C. La transformation de la souveraineté de l’État
Un troisième groupe d’analystes avance l’hypothèse que la souveraineté de l’État se transforme par l’intégration européenne. Conscients que l’intégration européenne ne peut pas être analysée en faisant abstraction de son caractère intergouvernemental, ou encore du symbole de la souveraineté étatique, cette ligne de pensée argue que l’intégration européenne a modifié les attributs de l’État.
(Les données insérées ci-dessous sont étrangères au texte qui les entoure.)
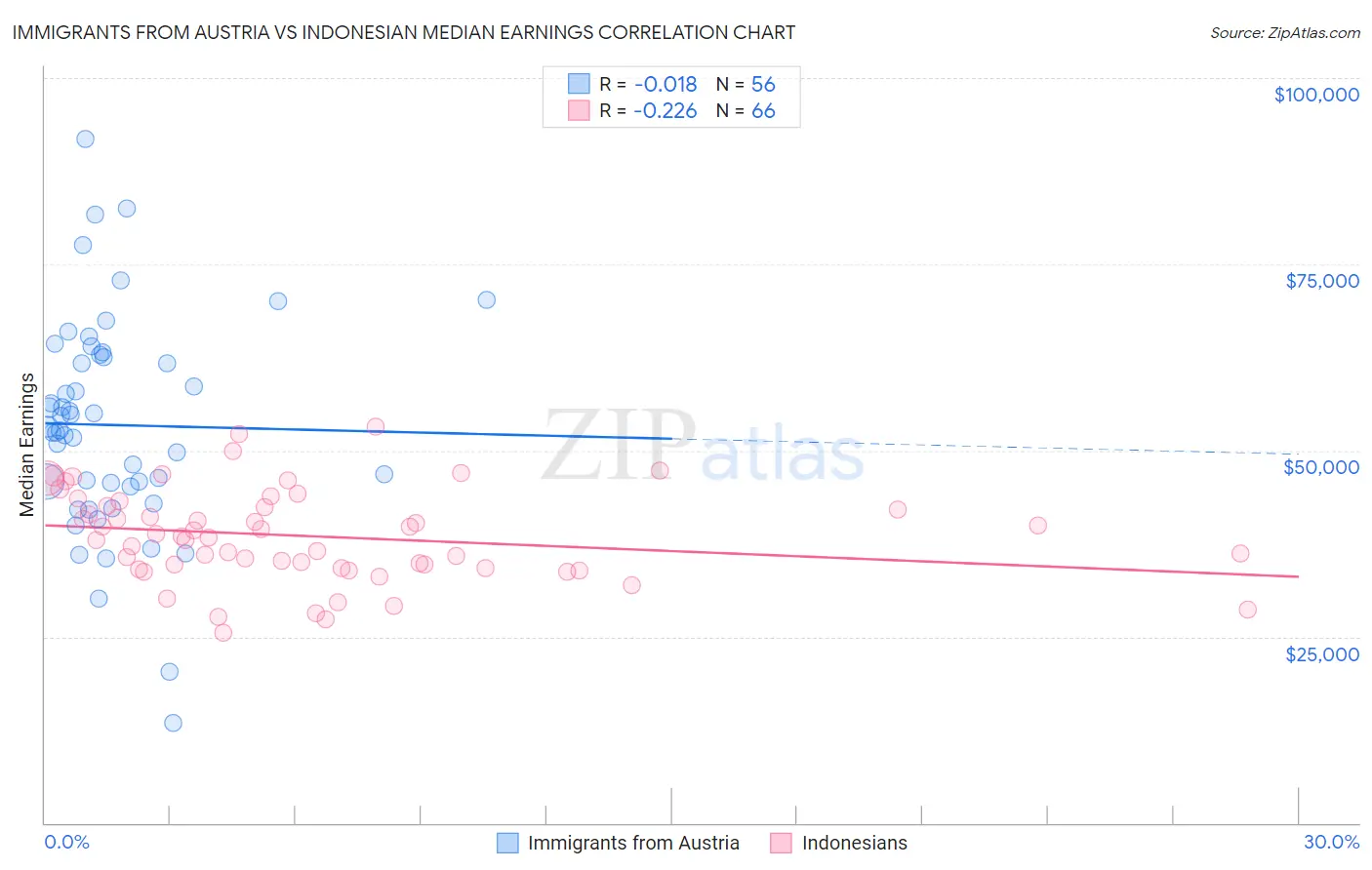 Immigrants from Austria vs Indonesian Median Earnings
Dans cette logique, la souveraineté n’est pas immuable, elle se transforme constamment à travers l’interaction.
Ainsi, sous le label du néo-médiévalisme ou de postmodernisme, les relations internationales seraient organisées par des centres d’autorité qui se chevauchent et par une loyauté multiple.
L’État postmoderne « agit dans un réseau de plus en plus complexe et interdépendant, basé sur l’obsolescence de la distinction entre politiques internes et externes, sur l’influence croissante dans les affaires internes des États, sur la transparence de plus en plus accrue et sur l’émergence d’un sens de communauté qui garantirait la sécurité collective ». La souveraineté est considérée comme étant « mise en commun » (pooled sovereignty), négociée par un grand nombre d’acteurs dans des comités divers et mise à mal par l’autorité des régulations et des jugements de la Cour de justice de l’Union européenne (CJUE).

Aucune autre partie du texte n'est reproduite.